Depending on the type of financial asset, impairment loss is determined using either the statistical approach or the case-by-case approach.
In the statistical approach, impairment losses are recognised for a large number of current financial assets of relatively small values (the so-called homogeneous portfolio). Impairment losses are determined based on an analysis of historical payment data for past due receivables in particular ageing groups and the migration matrix method. Results of the analysis are then used to calculate recovery ratios on the basis of which the amounts of impairment losses in each ageing group are determined.
In the case-by-case approach, the Group estimates the expected credit losses for those exposures that could not be classified into the homogeneous portfolio, such as:
- lease receivables,
- acquired debt securities,
- material trade receivables (all trade receivables of counterparties covered by the case-by-case approach),
- trade receivables maturing in more than one year,
- receivables from sale of shares,
- receivables under equity contributions.
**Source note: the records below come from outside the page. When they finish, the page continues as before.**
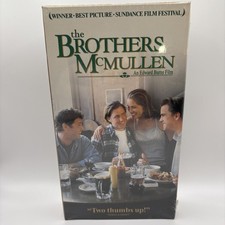 The Brothers McMullen (VHS, 1995) Edward Burns Brand New Sealed Free Shipping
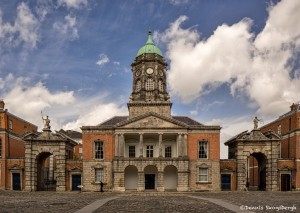 4334 Bedford Tower, Dublin Castle, Ireland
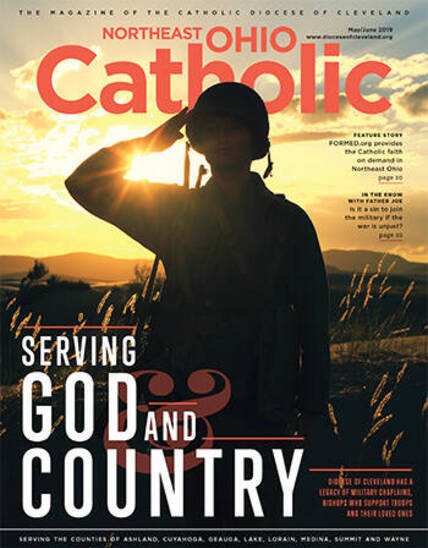 Northeast ohio catholic may 20192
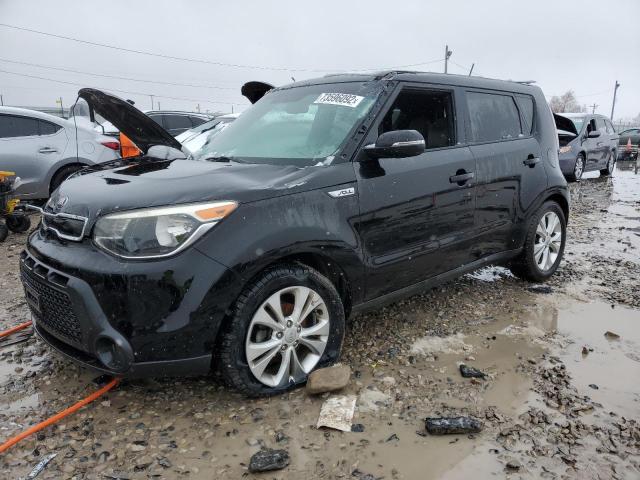 KIA SOUL + 2014 kndjp3a51e7050349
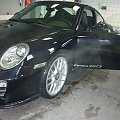 Porche Carrera 4GTS LacProtect 3D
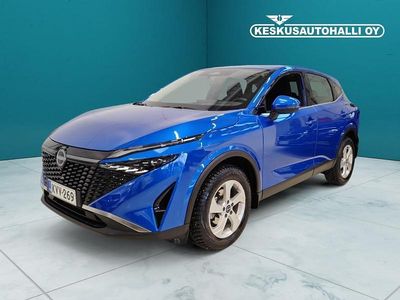 Käytetty Nissan Qashqai Acenta 158 HP (116 kW) 2025 Katumaasturi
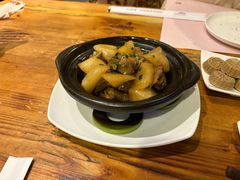 萝卜牦牛腩煲-北京西藏大厦·香帕拉藏餐厅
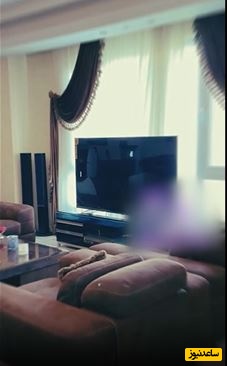 منزل نسرین مقانلو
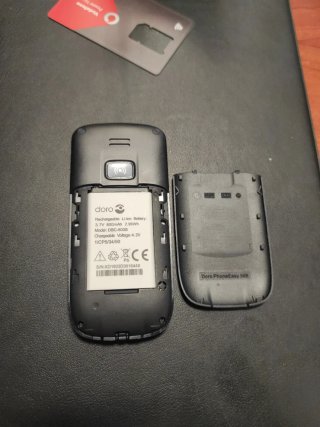 Doro PhoneEasy 508 Teléfono Móvil Fácil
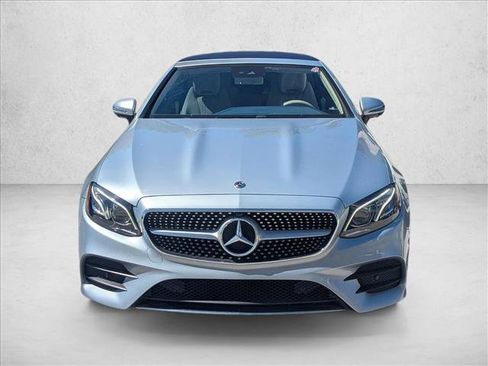 Used 2019 Mercedes-Benz E 450 4MATIC Cabriolet image 2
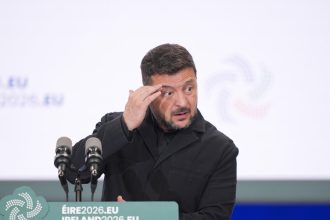 La cuestión de Ucrania pone en punto muerto la cumbre de la OTAN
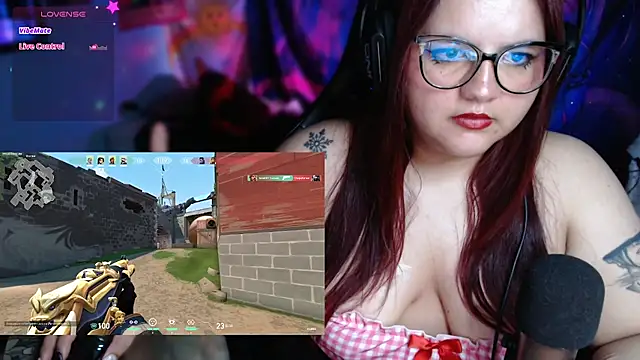 Annee23 webcam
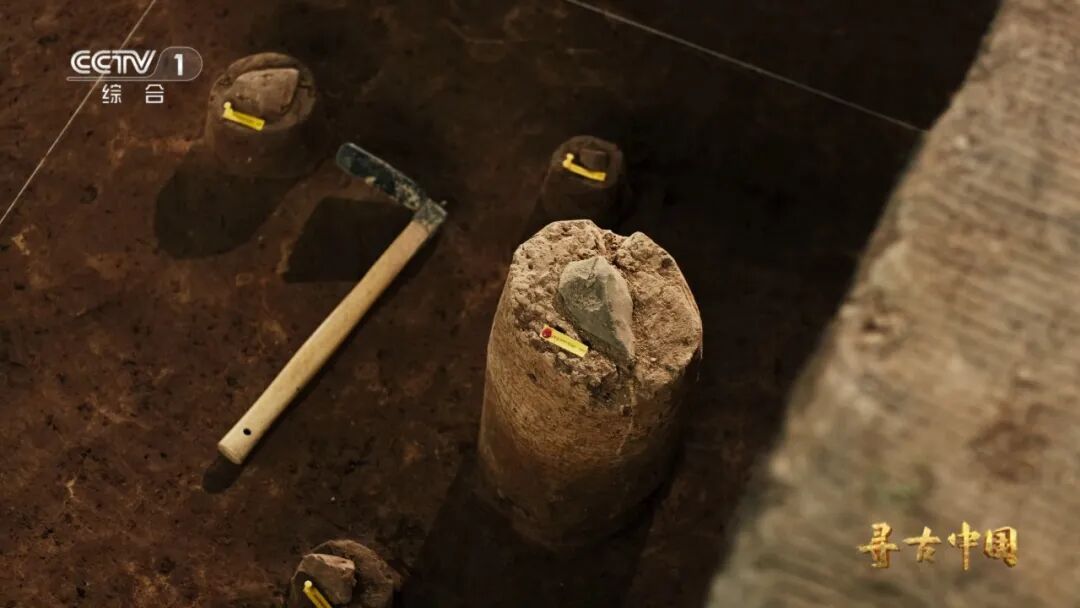 手斧手镐薄刃斧……四川皮洛遗址出现远古人类“生存工具箱”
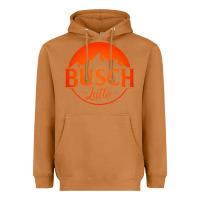 Meerkat busch latte Heavyweight Hoodie - artisFamous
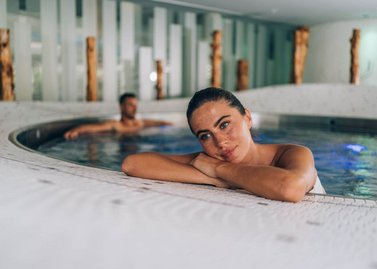 Sauna und Thermenerlebnis in Kärnten, Thermal Römerbad, Bad Kleinkirchheimer Bergbahnen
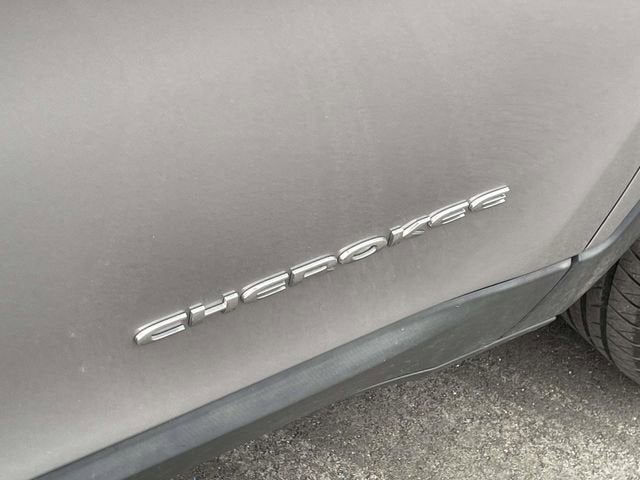 2019 Jeep Cherokee Latitude 4x4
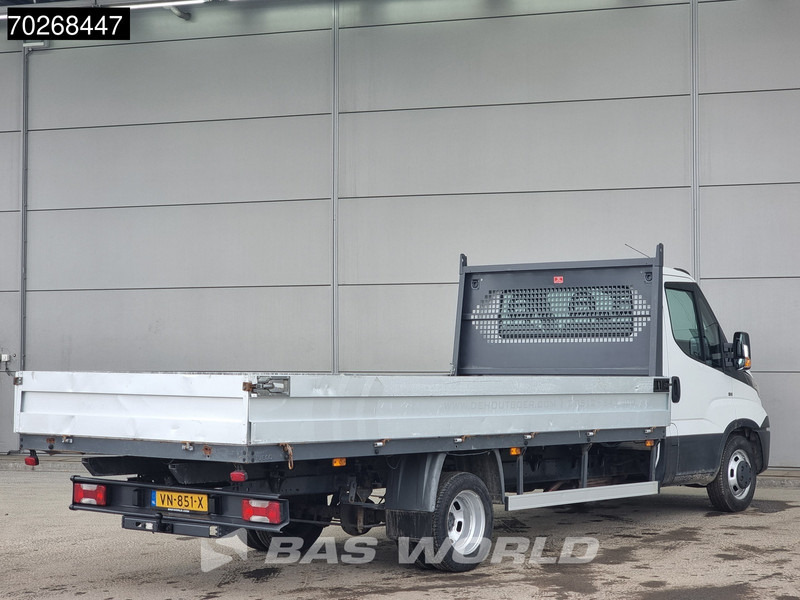 Iveco Daily 35C17 3.0L 170PK Open Laadbak Dubbellucht 3,5t Trekhaak Pritsche Pickup 4m3 Trekhaak Cruise control - الشاحنات الصغيرة المسطحة: صور 5 Iveco Daily 35C17 3.0L 170PK Open Laadbak Dubbellucht 3,5t Trekhaak Pritsche Pickup 4m3 Trekhaak Cruise control - الشاحنات الصغيرة المسطحة: صور 5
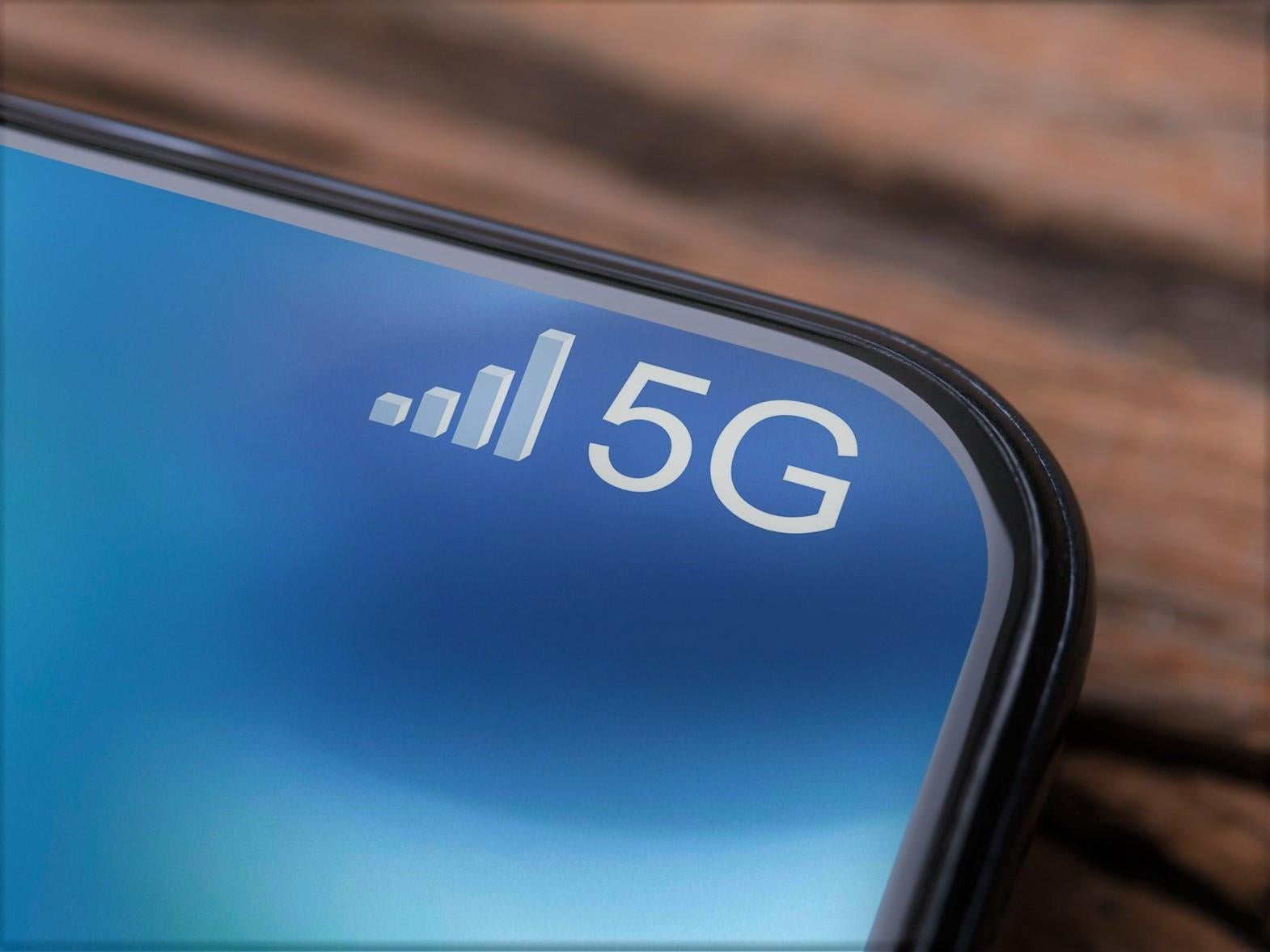 UK has slowest 5G speed and worst connectivity of 12 countries tested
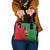 Malawi Flag Map Shoulder Handbag Simple Malawi Emblem Coat of Arms - Wonder Print Shop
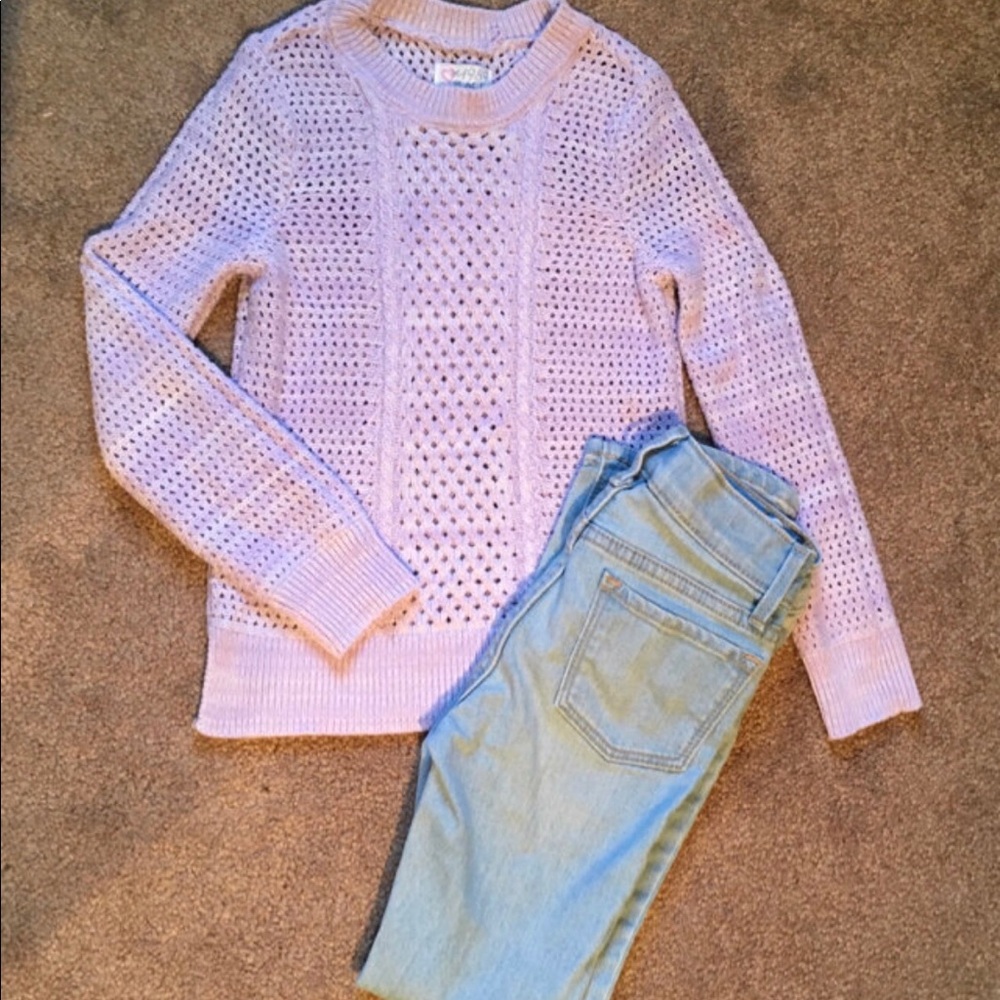 Little girl outfit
The Group identifies an instrument as impaired if any of the following occurs:
- a payment is past due by more than 90 days,
- it is becoming probable that the counterparty will enter bankruptcy or other financial reorganisation;
- bankruptcy/arrangement proceedings are pending against the debtor,
- legal dispute with respect to the amount / legitimacy of a claim on which the receivable is based,
- other qualitative information indicating that the debtor is not able to fully satisfy all financial claims.
Expected impairment of such exposures is calculated over the period until the expected end of the recovery period.
Impairment losses are charged to other expenses or finance costs, as appropriate, depending on the type of the item for which an impairment loss is recognised.